Upon examination, we noticed how precariously balanced the stone was, how someone must have placed it on its tip with great care. We also noticed the stone had a small design painted on it, which looked a bit like a speech bubble you’d see in a comic book. For several minutes, we appreciated the jellybean stone in all its intricacy and mystery. Then we decided to make our own contribution. We picked three stones from the ground and balanced them (after some trial and error) around the jellybean stone.

Two days later, we passed the commemorative stone while driving home from an appointment and, to our surprise and excitement, more stones had been added. I had actually noticed the stone additions on an earlier walk, but I had been blasting a podcast on American politics through a set of noise-cancelling headphones and didn’t properly register the development. Once we arrived home, we set off on foot to visit the stones, just a few dozen meters from the doorstep of our apartment building.

Not only had someone (or multiple someones) added stones, but they added stones on top of the ones we had previously placed, which created little stacks.

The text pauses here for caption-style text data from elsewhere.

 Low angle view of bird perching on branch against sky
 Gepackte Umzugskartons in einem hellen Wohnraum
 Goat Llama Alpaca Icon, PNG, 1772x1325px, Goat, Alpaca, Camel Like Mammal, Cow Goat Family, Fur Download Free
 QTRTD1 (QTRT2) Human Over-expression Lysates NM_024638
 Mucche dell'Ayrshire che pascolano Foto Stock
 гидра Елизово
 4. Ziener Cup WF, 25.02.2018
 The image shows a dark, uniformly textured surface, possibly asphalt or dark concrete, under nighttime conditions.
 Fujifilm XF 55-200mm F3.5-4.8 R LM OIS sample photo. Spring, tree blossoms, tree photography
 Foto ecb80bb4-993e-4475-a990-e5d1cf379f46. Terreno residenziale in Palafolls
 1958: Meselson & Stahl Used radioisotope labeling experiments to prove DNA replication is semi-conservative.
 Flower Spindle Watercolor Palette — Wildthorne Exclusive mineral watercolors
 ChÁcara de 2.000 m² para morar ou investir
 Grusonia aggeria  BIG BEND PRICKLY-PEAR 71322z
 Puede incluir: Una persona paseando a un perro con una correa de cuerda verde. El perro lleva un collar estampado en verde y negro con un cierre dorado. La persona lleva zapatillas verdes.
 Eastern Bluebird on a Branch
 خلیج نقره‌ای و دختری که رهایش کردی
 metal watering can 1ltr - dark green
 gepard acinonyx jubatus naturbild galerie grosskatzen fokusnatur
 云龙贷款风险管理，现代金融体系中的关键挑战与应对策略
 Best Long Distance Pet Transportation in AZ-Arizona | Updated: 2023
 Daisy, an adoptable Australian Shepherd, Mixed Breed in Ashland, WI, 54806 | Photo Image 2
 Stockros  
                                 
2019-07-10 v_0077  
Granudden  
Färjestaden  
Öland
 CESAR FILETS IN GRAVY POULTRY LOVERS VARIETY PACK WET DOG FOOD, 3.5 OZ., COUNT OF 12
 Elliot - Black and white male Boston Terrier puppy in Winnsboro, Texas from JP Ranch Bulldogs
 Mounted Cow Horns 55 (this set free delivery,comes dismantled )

The top surface of the commemorative stone was now mostly covered, and I felt a strange streak of pride in helping to create the display in front of us, which had become something of an impromptu, collaborative art piece.

The sense of pride, I think, came from manoeuvring and manipulating physical objects with my hands to create something, a novel event in the midst of the COVID-19 pandemic in which most of my manoeuvring and manipulating occurs in Microsoft Word and Google Chrome. I also felt in community with a stranger (or strangers) in my neighbourhood who had stopped and paid attention in the same physical space Sarah and I had, who had added stones on top and beside our stones. This sense of community, at least the physical component of it, felt novel too.

Before we left, a man exited the building behind us.

“The rocks just keep growing and growing,” he said, looking at the display.

We chuckled and agreed, though we didn’t tell him about our contribution.

Sarah recognised the man as the father of her friend, which she confirmed with him. He apologised for not initially recognising Sarah, which was understandable given that he hadn’t seen her for nearly ten years.

It’s funny the connections a few stones can make. During courtship, male Adélie penguins present females with stones. If the female penguin approves, she’ll add the stone to her nest, blossoming the bonding process. For me, a male Homo sapiens, stacking a few stones made me feel a bit more human.